◆ **WHAT THIS TASK INVOLVES**
Below are entries. Give back exactly the lines from the one containing "Vand laptop HP 350 G2 Intel (R) i5-5200U" through the one containing "Jaktstuga Piazzaga565 Torno", inclusive, without the pictures.

◆ **DATA**
——————————
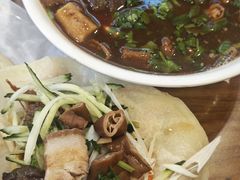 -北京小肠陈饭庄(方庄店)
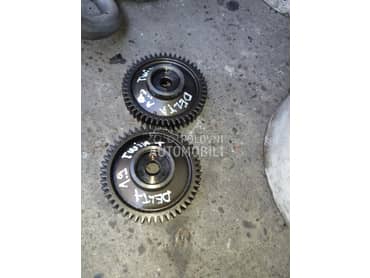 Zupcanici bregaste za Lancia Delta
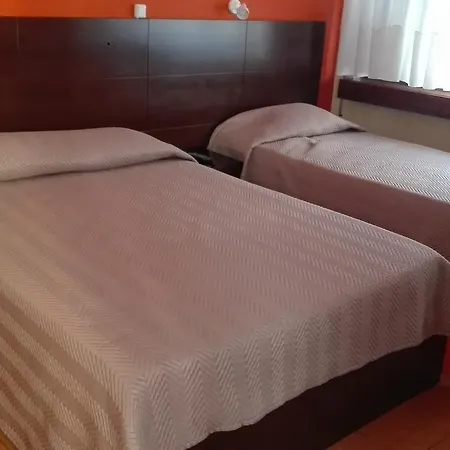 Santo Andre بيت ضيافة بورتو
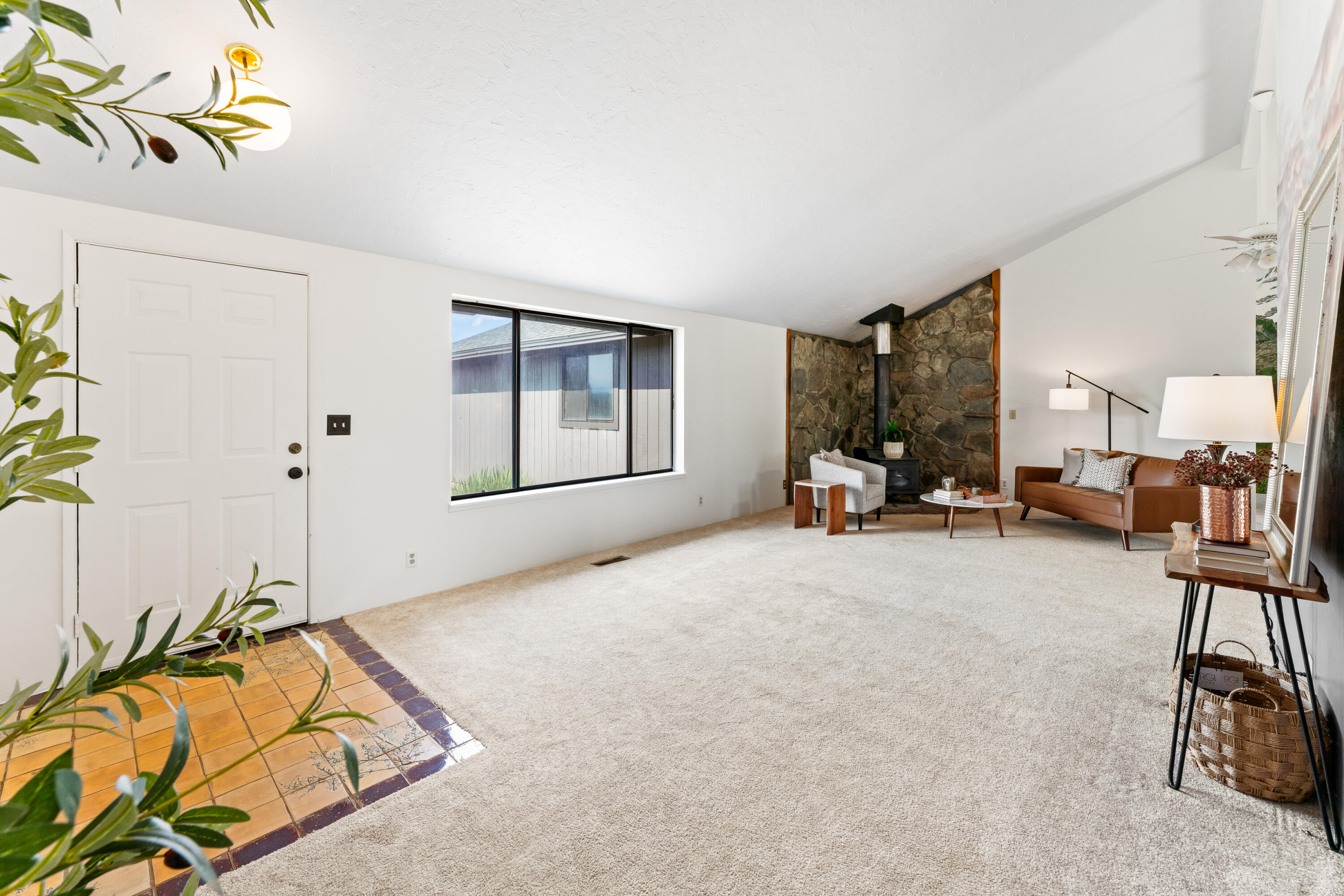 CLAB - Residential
——————————
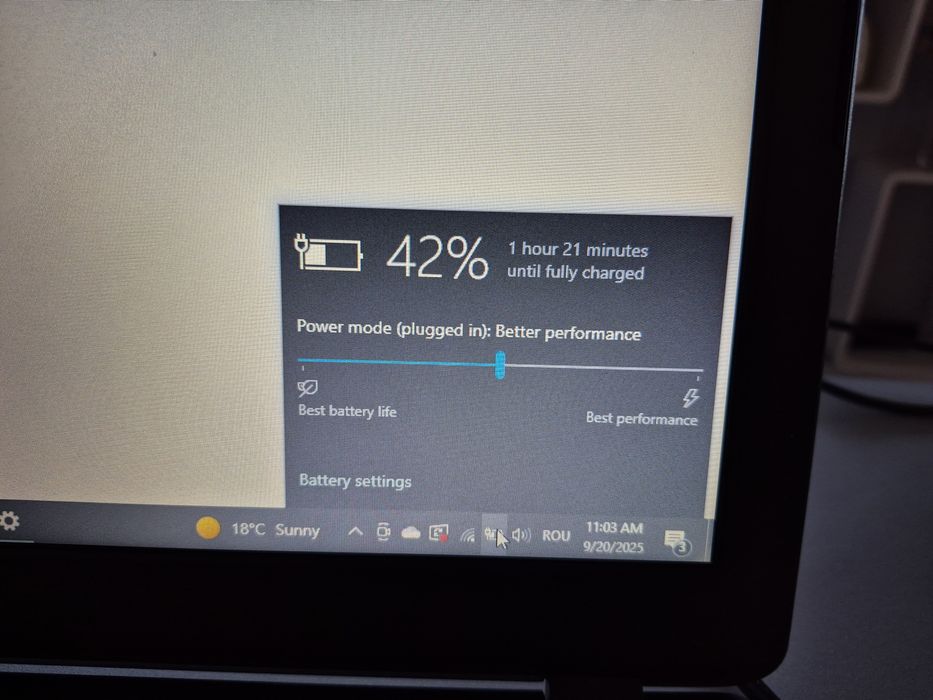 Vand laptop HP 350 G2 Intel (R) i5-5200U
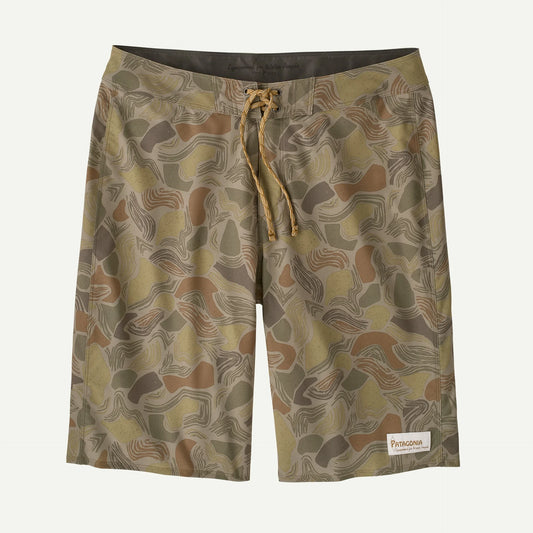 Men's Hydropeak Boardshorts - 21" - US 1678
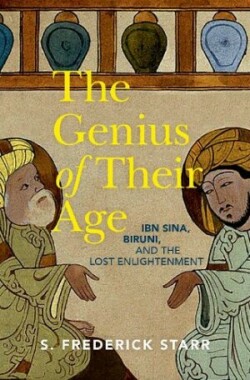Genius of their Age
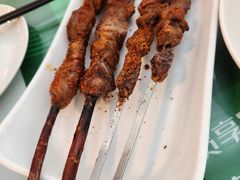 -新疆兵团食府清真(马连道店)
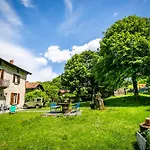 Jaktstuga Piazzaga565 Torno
——————————
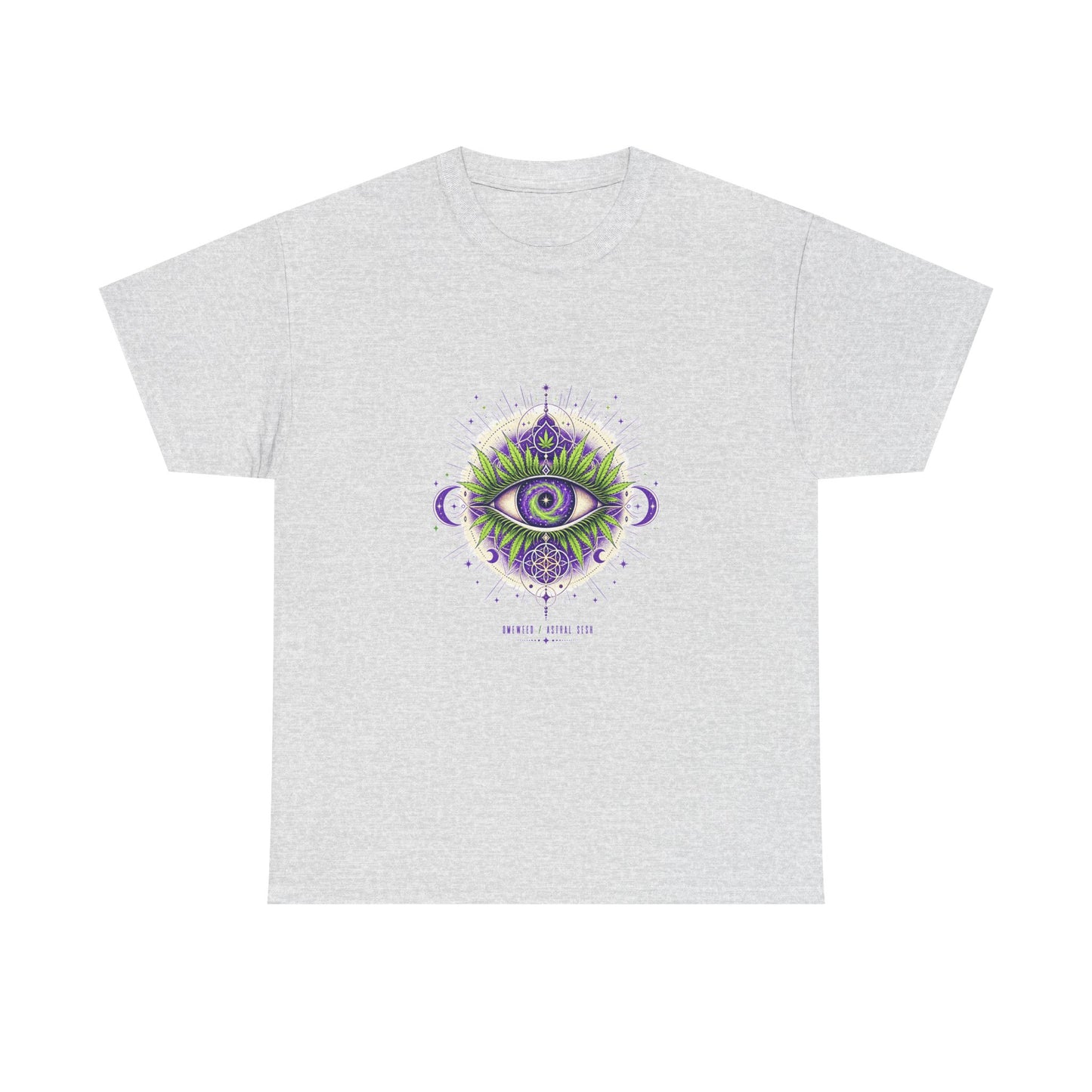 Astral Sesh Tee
——————————
◆ **EXPECTED OUTPUT**
 Vand laptop HP 350 G2 Intel (R) i5-5200U
 Men's Hydropeak Boardshorts - 21" - US 1678
Genius of their Age
 -新疆兵团食府清真(马连道店)
 Jaktstuga Piazzaga565 Torno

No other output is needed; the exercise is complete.